それでも、僕はまた、こうやって謎の団体を立ち上げてしまった。
ウィーンガシャン派。結構いい名前だと思う。一応、ウィーン分離派をサンプリング元にしているが、そういうことは自分から言わない方が多分かっこいい。
僕が謎の団体を立ち上げてばかりいる理由はだいたい三個くらいあると思う。
一個目には孤独が怖く、仲間が欲しいからだ。
二個目は、僕が愛した人たちの作ったものを他の人にも見てもらいたいから。
そして、三個目。
たとえ、誰の記憶にも残らなくても、この世界のどこかに(そしてそれは往々にしてインターネットの片隅に)、今僕らが生きているこの瞬間を残したいから。この瞬間の、景色と、匂いと、隣にいる人たちの息遣いを。それは感覚、という言葉で言い換えてもいい。この瞬間の感覚。
以前、これまた僕が立ち上げた◎◎◎という団体で友人らに合わせて百を超えるエッセイを書いてもらったことがある。先日、ウィーンガシャン派を立ち上げるにあたって、改めて読んでみた。
思わず唸ってしまった。それらの文章には当時の瞬間がそれはそれは綺麗に保存されていた。訳もなく苦しかった、殺したいほど誰かにムカついた、長く続かなかったが幸せだった、だるかった、涙が出るほど美しかった、生きようと思った、ただ愛しかった。彼らの感覚の一つ一つが、言葉に変換されて、画面を埋めていた。
彼らの感覚は、彼らのもので、僕の感覚とは違う。同時代を同年代として生きていたとはいえ、彼らが見たもの全てを僕は見ていないし、聴いていないし食べていないし触れていないし嗅いでいない。だけど、誰かの感覚と、また別の誰かと、また別の誰かと、皆の感覚をごっちゃにし、それを遠くから眺めたとき、浮かび上がってくる感覚は、何故だか身に覚えがあった。

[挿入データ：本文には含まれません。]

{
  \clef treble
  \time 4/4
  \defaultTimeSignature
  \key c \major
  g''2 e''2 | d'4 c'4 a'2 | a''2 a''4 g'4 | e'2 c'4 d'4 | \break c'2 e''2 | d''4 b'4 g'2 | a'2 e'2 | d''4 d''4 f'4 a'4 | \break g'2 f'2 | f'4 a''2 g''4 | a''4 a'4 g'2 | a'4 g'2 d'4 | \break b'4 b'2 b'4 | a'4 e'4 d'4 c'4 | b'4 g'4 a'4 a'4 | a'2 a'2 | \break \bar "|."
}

それは僕がへたくそな日本語で書いていた日記よりもずっと、僕の本当の感覚に近い気がした。
自分で全部感じなくていい、自分で全部表現しなくていい、というのは希望だ、と思った。
今までに、いろいろな団体で作ってきた絵や演劇や文章や映像の中に、誰かの言葉や誰かの動きによって、それぞれの瞬間の僕の感覚が保存されている。迷ったとき、自分の感情や思想がわからなくなったとき、戻ってこれる場所。そこからまた始め直せる場所。団体が作るものはゲームのセーブポイントに似ているかもしれない。

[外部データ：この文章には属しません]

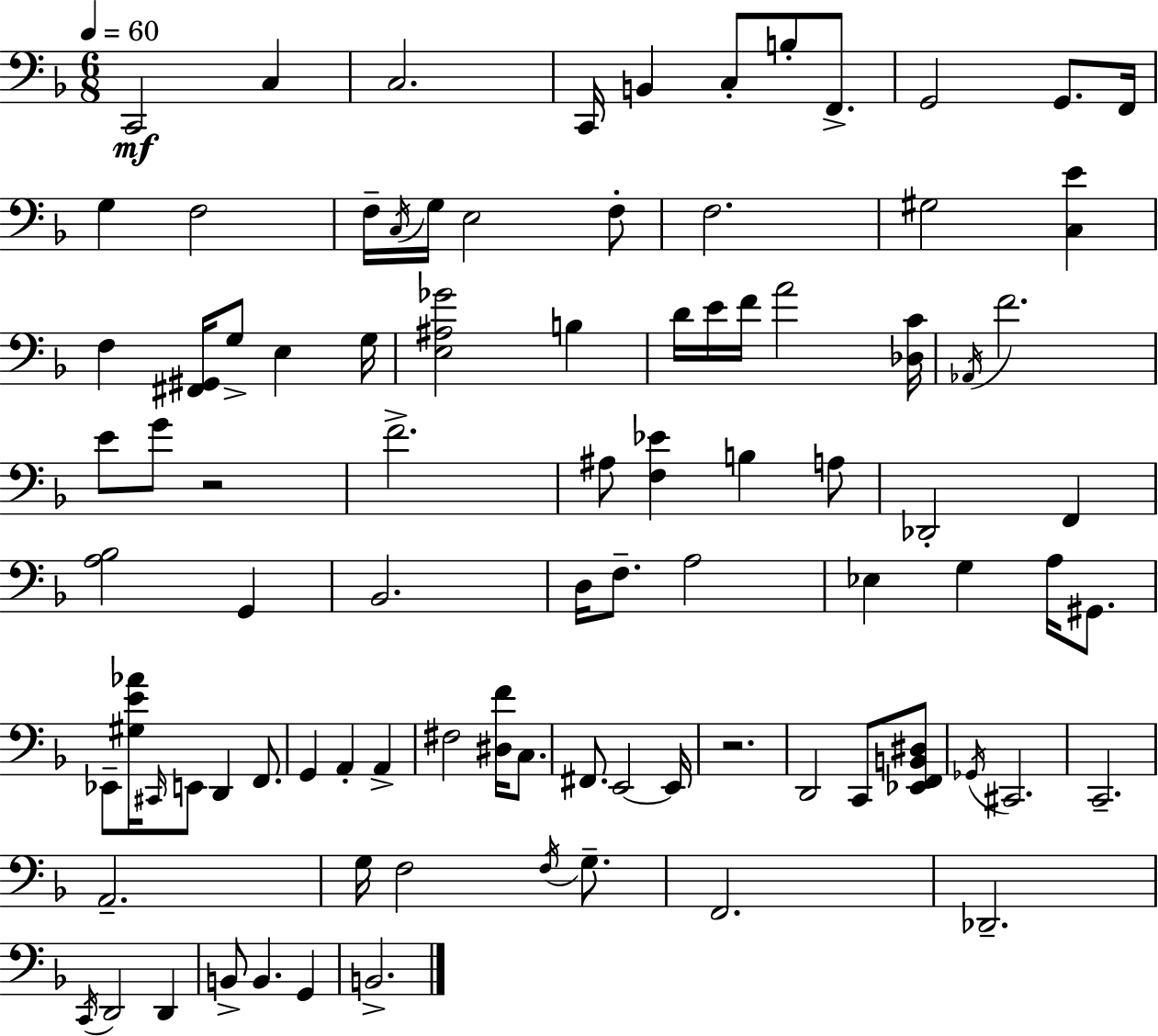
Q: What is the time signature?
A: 6/8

ウィーンガシャン派はきっと、誰にも見つけてもらえないまま、この世から消える。
傍から見れば何の価値もない、時間の浪費に見えるだろう。そして実際殆どそうだろう。それでも、何年か経った後、僕らが遺した言葉を読んで、この時代の感覚を思い出してくれる人が、これこそ自分の感覚だと思ってくれる人が一人でもいれば、それだけで価値があったと言える。
だから、今じゃなくてもいい。いつか、誰か、僕らを見つけてください。
そう願いつつ、僕らはもう暫く、身体を軋ませながら、この行進を続けていこうと思います。
書き手:塔野陽太
テーマ:好きな場所について
〜〜〜〜〜〜〜〜〜〜〜〜〜〜〜〜
同一テーマについて、
曜日毎の担当者が記事を繋ぐ
ウィーンガシャン派のリレーブログ。
今週のテーマは『好きな場所について』
明日は「アナコンダにひき」が更新します。
ウィーンガシャン派は11/20(日)文学フリマ東京35に出店予定です。
この記事が気に入ったらサポートをしてみませんか?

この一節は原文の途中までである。